* [Task objective]:
Retype each entry exactly as written, and keep the pictures out of the copy.

* [Record set]:
********************

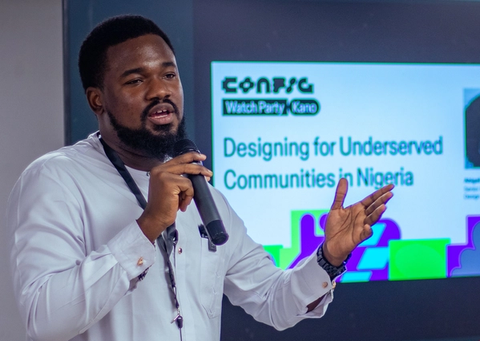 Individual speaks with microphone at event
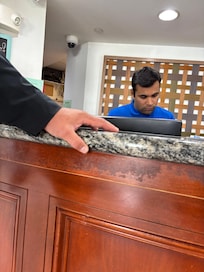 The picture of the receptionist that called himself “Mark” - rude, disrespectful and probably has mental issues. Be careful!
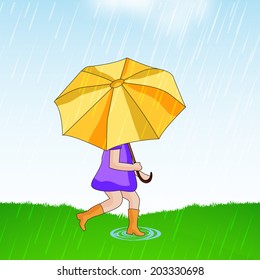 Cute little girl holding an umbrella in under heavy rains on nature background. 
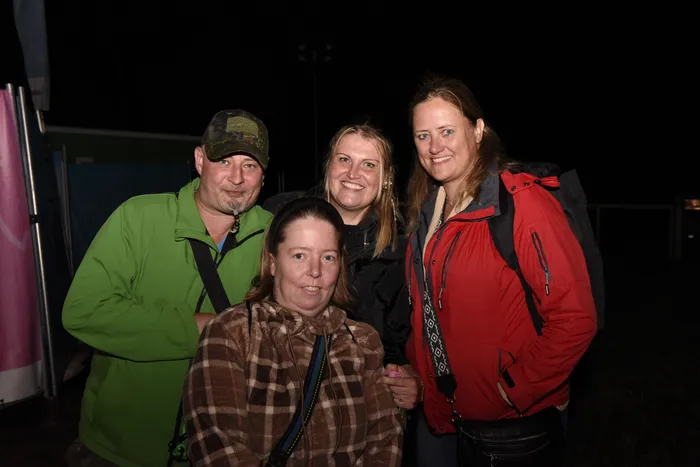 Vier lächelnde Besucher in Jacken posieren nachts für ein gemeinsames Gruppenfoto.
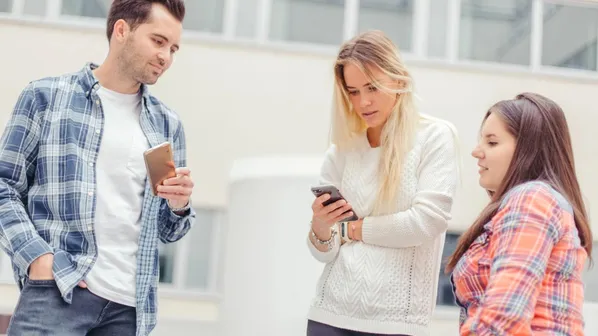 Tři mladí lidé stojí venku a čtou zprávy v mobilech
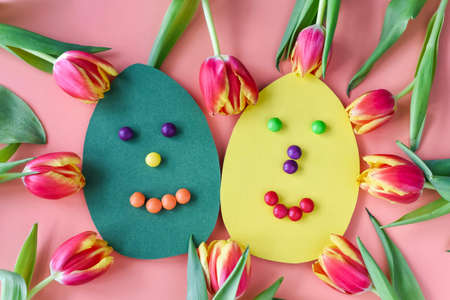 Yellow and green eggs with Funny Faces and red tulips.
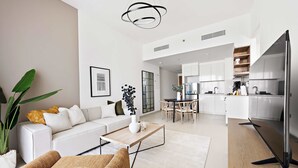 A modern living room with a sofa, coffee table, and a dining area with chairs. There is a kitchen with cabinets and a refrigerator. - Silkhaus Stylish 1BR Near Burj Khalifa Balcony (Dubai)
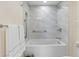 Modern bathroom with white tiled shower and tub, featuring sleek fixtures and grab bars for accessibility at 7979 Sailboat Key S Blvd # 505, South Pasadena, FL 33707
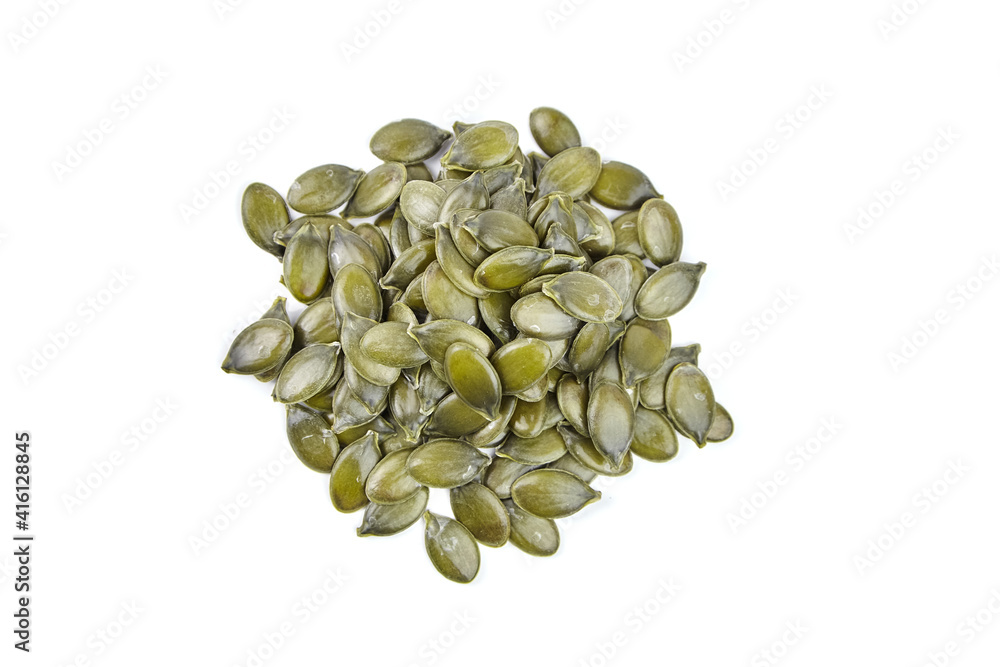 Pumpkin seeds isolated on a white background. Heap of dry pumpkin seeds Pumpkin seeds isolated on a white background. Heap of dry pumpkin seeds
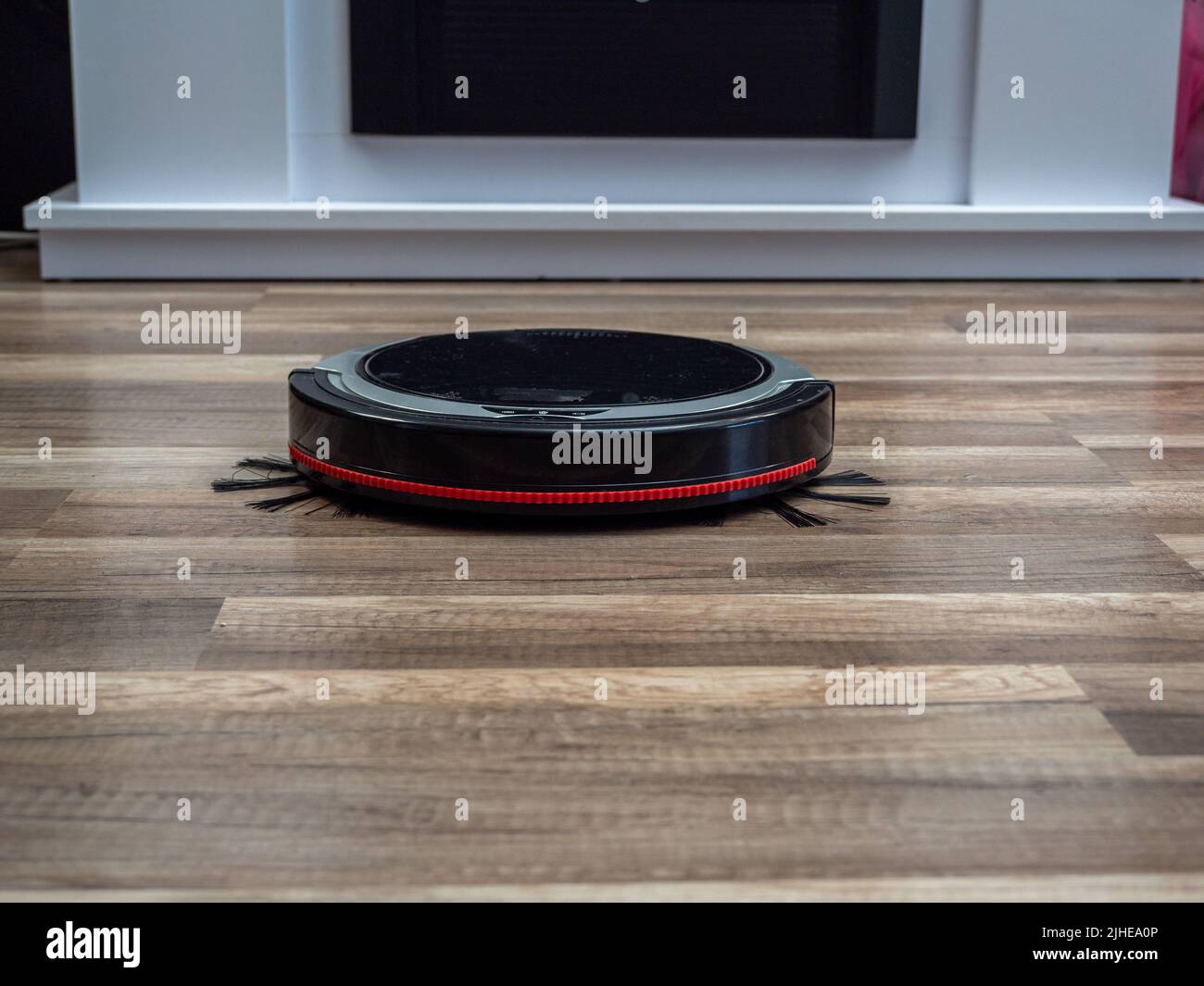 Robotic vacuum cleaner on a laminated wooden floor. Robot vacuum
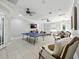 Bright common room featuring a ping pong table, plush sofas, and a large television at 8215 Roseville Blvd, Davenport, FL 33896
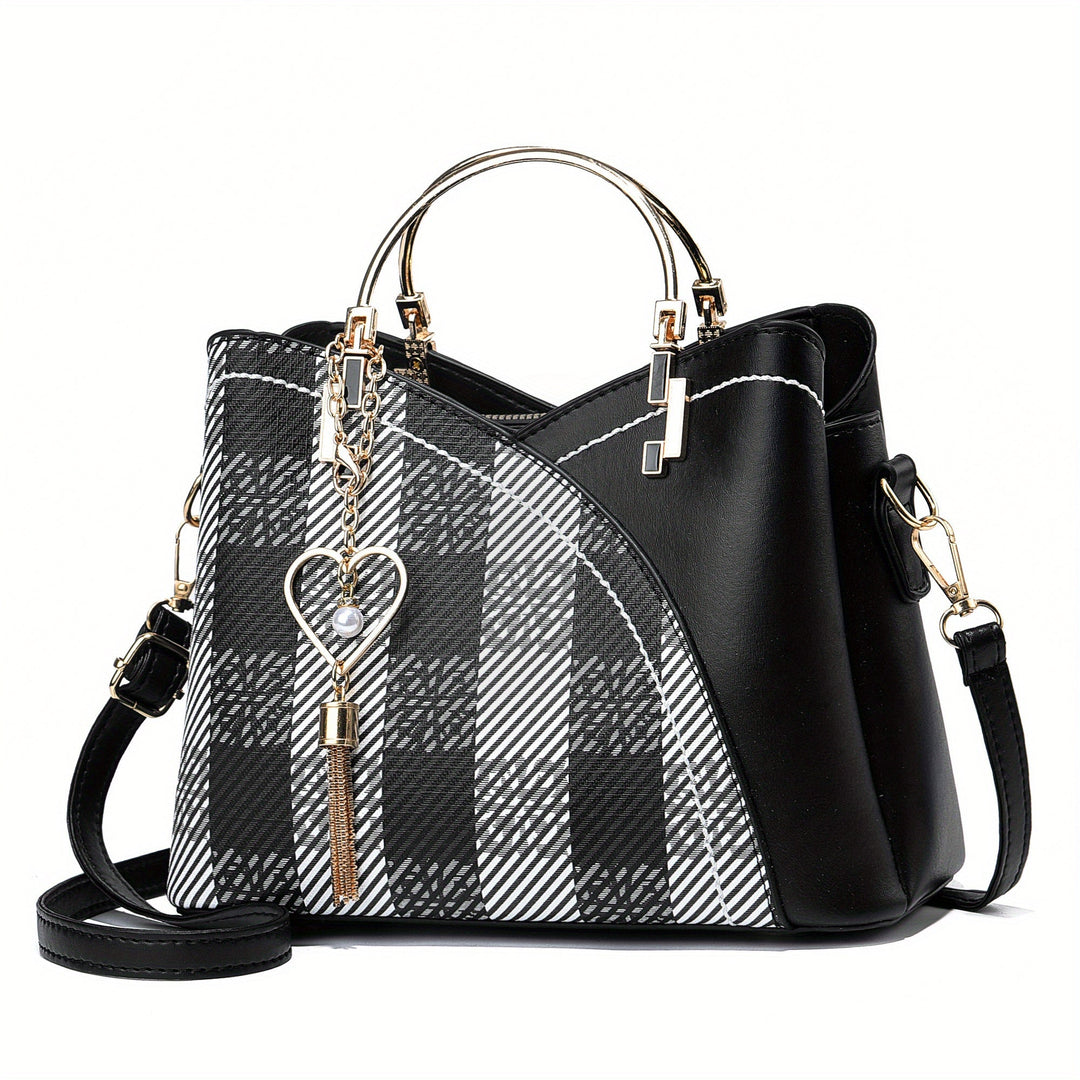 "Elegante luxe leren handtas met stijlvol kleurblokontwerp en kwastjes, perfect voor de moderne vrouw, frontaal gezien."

********************

* [Written solution]:
 Individual speaks with microphone at event
 The picture of the receptionist that called himself “Mark” - rude, disrespectful and probably has mental issues. Be careful!
 Cute little girl holding an umbrella in under heavy rains on nature background. 
 Vier lächelnde Besucher in Jacken posieren nachts für ein gemeinsames Gruppenfoto.
 Tři mladí lidé stojí venku a čtou zprávy v mobilech
 Yellow and green eggs with Funny Faces and red tulips.
 A modern living room with a sofa, coffee table, and a dining area with chairs. There is a kitchen with cabinets and a refrigerator. - Silkhaus Stylish 1BR Near Burj Khalifa Balcony (Dubai)
 Modern bathroom with white tiled shower and tub, featuring sleek fixtures and grab bars for accessibility at 7979 Sailboat Key S Blvd # 505, South Pasadena, FL 33707
 Pumpkin seeds isolated on a white background. Heap of dry pumpkin seeds Pumpkin seeds isolated on a white background. Heap of dry pumpkin seeds
 Robotic vacuum cleaner on a laminated wooden floor. Robot vacuum
 Bright common room featuring a ping pong table, plush sofas, and a large television at 8215 Roseville Blvd, Davenport, FL 33896
 "Elegante luxe leren handtas met stijlvol kleurblokontwerp en kwastjes, perfect voor de moderne vrouw, frontaal gezien."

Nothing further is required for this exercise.